Captioned web images:

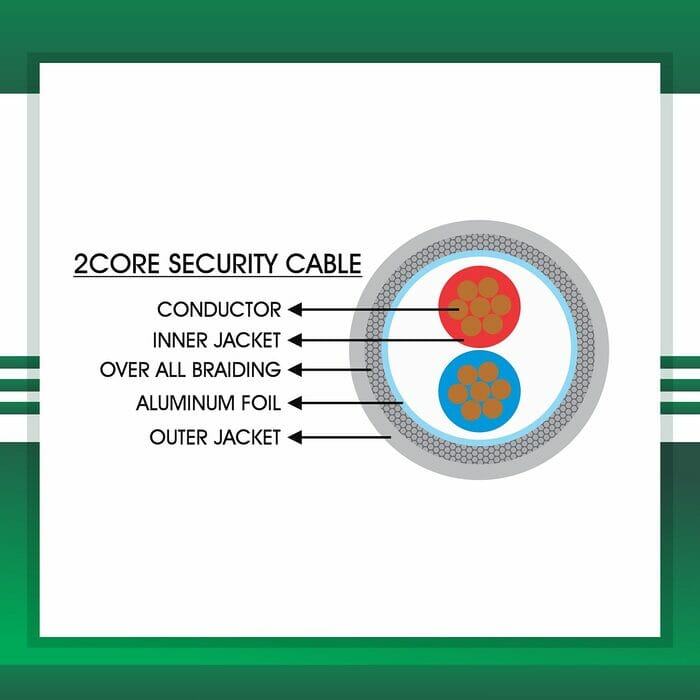 automation cables building automation cable industrial automation cable home automation cable alarm cables speaker cable security cables power cable wires outdoor cables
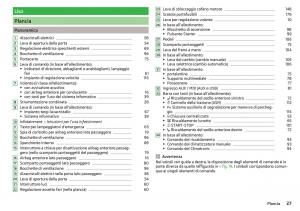 Skoda-Rapid-manuale-del-proprietario page 29 min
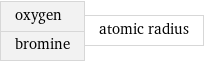 oxygen bromine | atomic radius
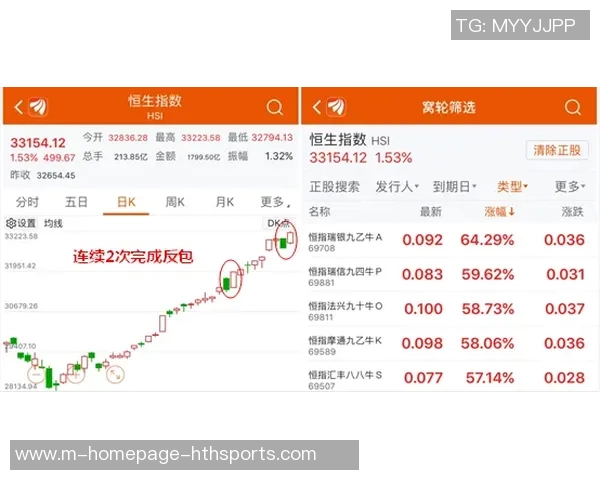 欧洲杯波胆购买攻略揭秘助你轻松赢得投注收益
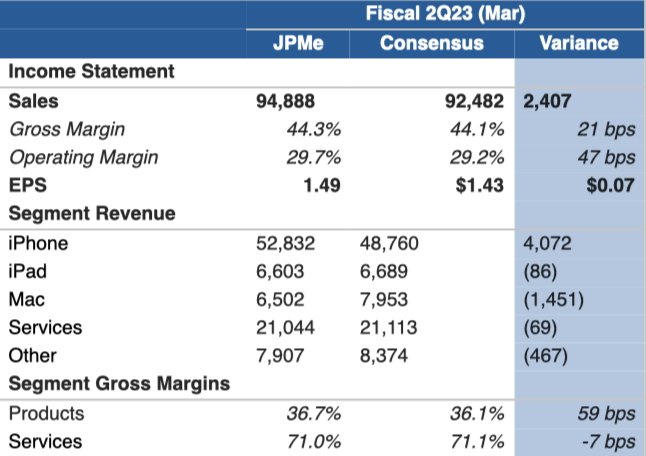 JP Morgan predictions of Apple earnings for the March 2023 quarter (Souce: JP Morgan)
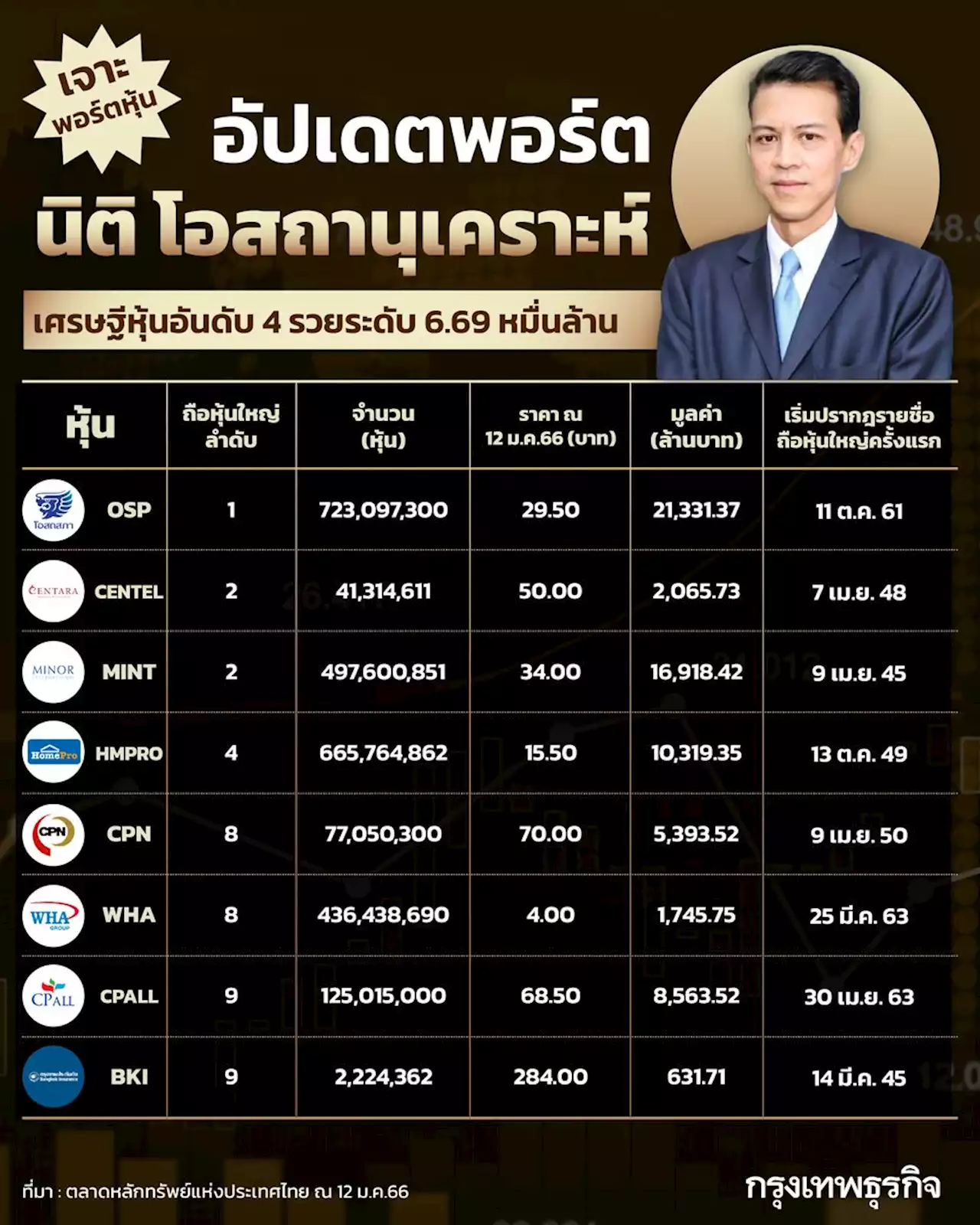 อัพเดทพอร์ต นิติ โอสถานุเคราะห์ เศรษฐีหุ้นอันดับ 4 รวยระดับ 6.69 หมื่นล้าน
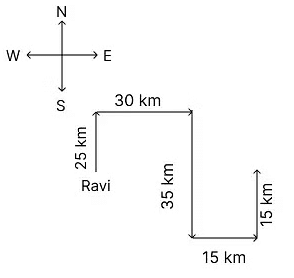Important Formula: Direction Sense | Reasoning Aptitude for Competitive Examinations - Bank Exams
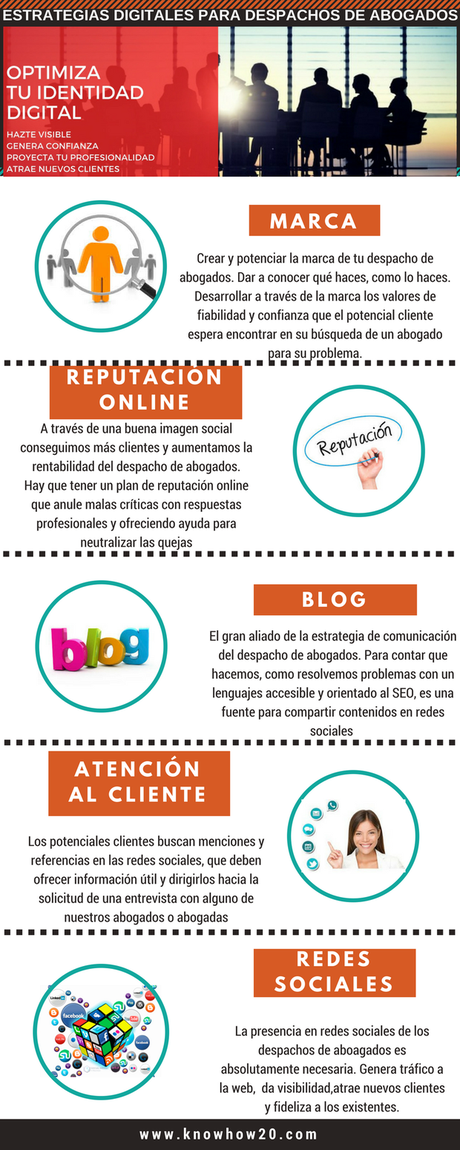 Estrategias digitales para despachos de abogados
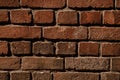 Close-up texture of red brick wall. Abstract background pattern Royalty Free Stock Photo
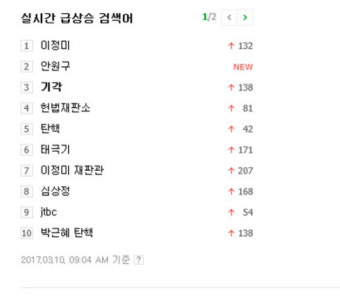 '탄핵 기각' 실검 상위권, 국민들 불안감 반영?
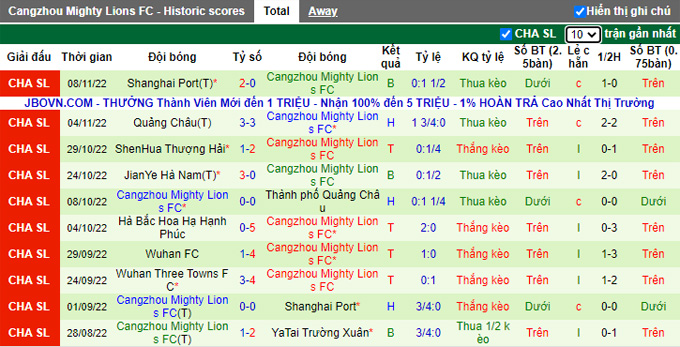 Nhận định, soi kèo Zhejiang vs Cangzhou Mighty Lions, 18h30 ngày 13/11 - Ảnh 2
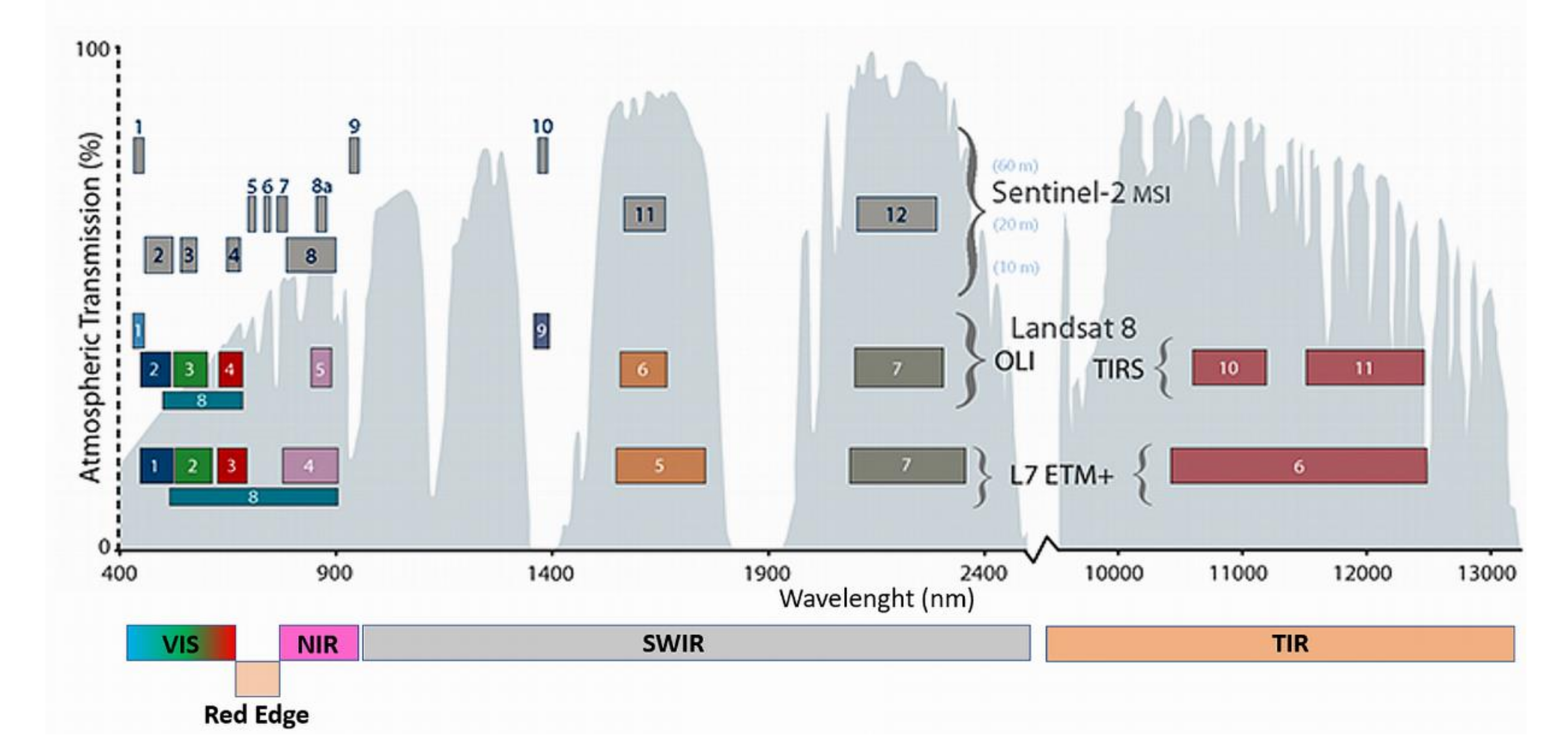 Resources 09 00124 g004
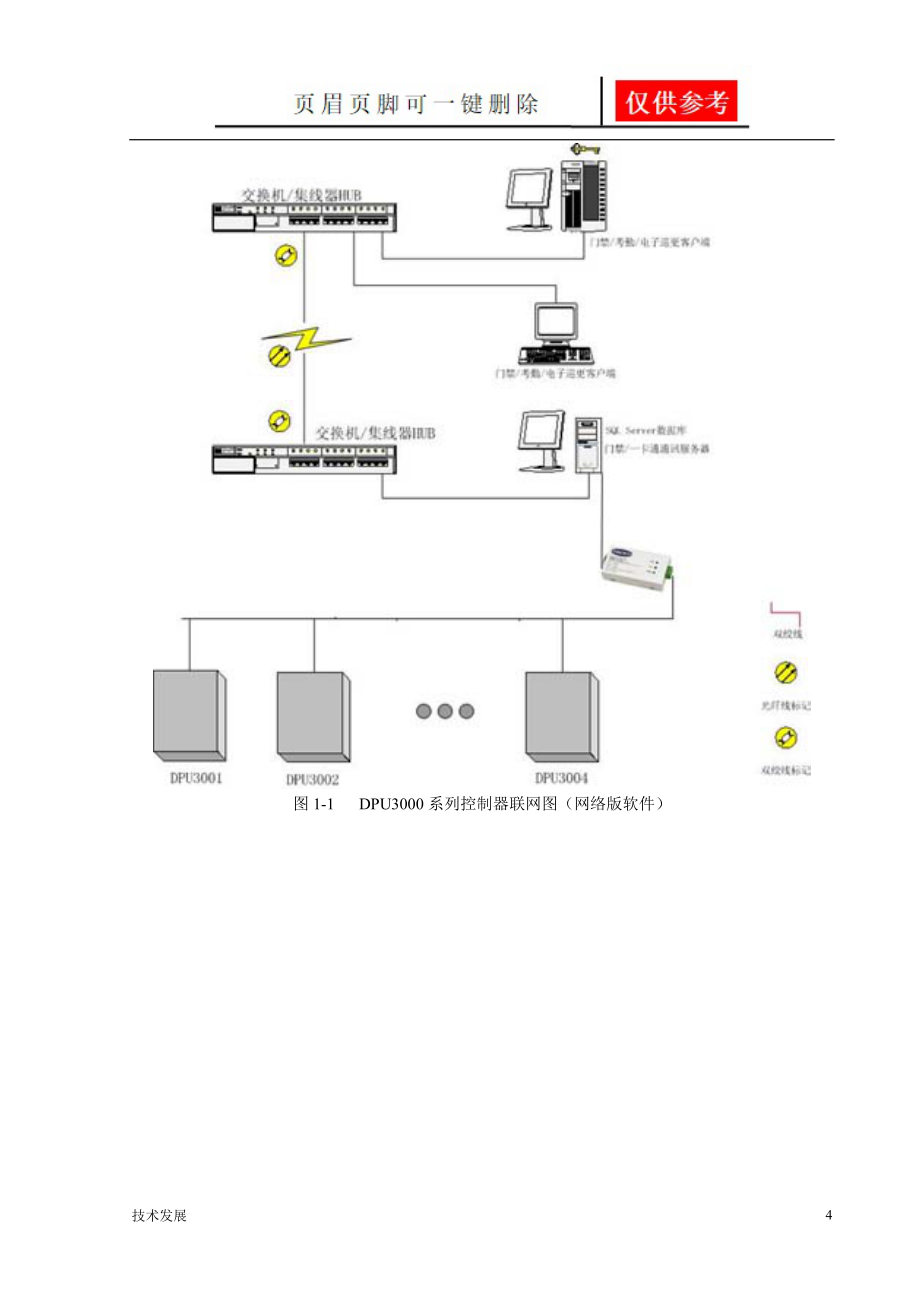 金凯门禁说明书【分析运用】_第5页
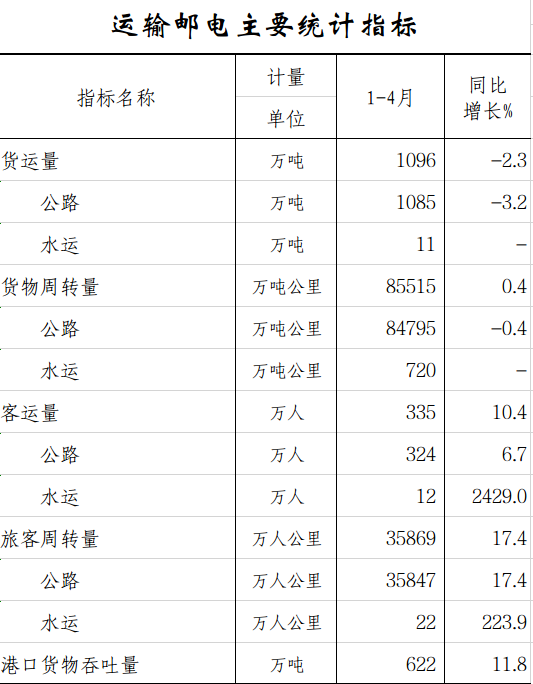运输邮电.png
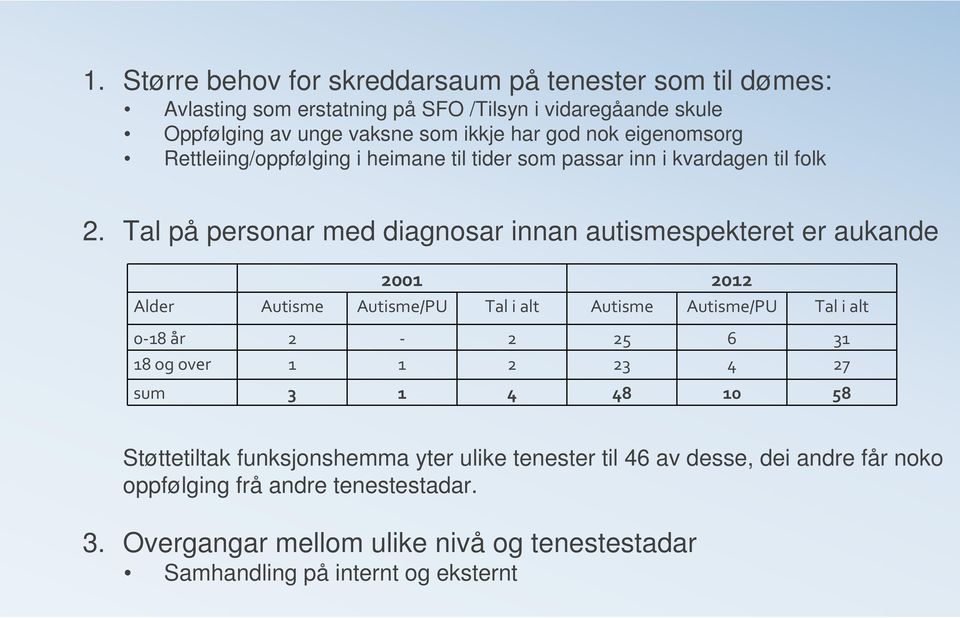 Tal på personar med diagnosar innan autismespekteret er aukande 2001 2012 Alder Autisme Autisme/PU Tal i alt Autisme Autisme/PU Tal i alt 0-18 år 2-2 25 6 31 18 og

Required action> Exactly the lines from the line that contains "JP Morgan predictions" through the last line above, and no other lines, must be output, with pictures excluded.

Task result>
 JP Morgan predictions of Apple earnings for the March 2023 quarter (Souce: JP Morgan)
 อัพเดทพอร์ต นิติ โอสถานุเคราะห์ เศรษฐีหุ้นอันดับ 4 รวยระดับ 6.69 หมื่นล้าน
Important Formula: Direction Sense | Reasoning Aptitude for Competitive Examinations - Bank Exams
 Estrategias digitales para despachos de abogados
 Close-up texture of red brick wall. Abstract background pattern Royalty Free Stock Photo
 '탄핵 기각' 실검 상위권, 국민들 불안감 반영?
 Nhận định, soi kèo Zhejiang vs Cangzhou Mighty Lions, 18h30 ngày 13/11 - Ảnh 2
 Resources 09 00124 g004
 金凯门禁说明书【分析运用】_第5页
运输邮电.png
 Tal på personar med diagnosar innan autismespekteret er aukande 2001 2012 Alder Autisme Autisme/PU Tal i alt Autisme Autisme/PU Tal i alt 0-18 år 2-2 25 6 31 18 og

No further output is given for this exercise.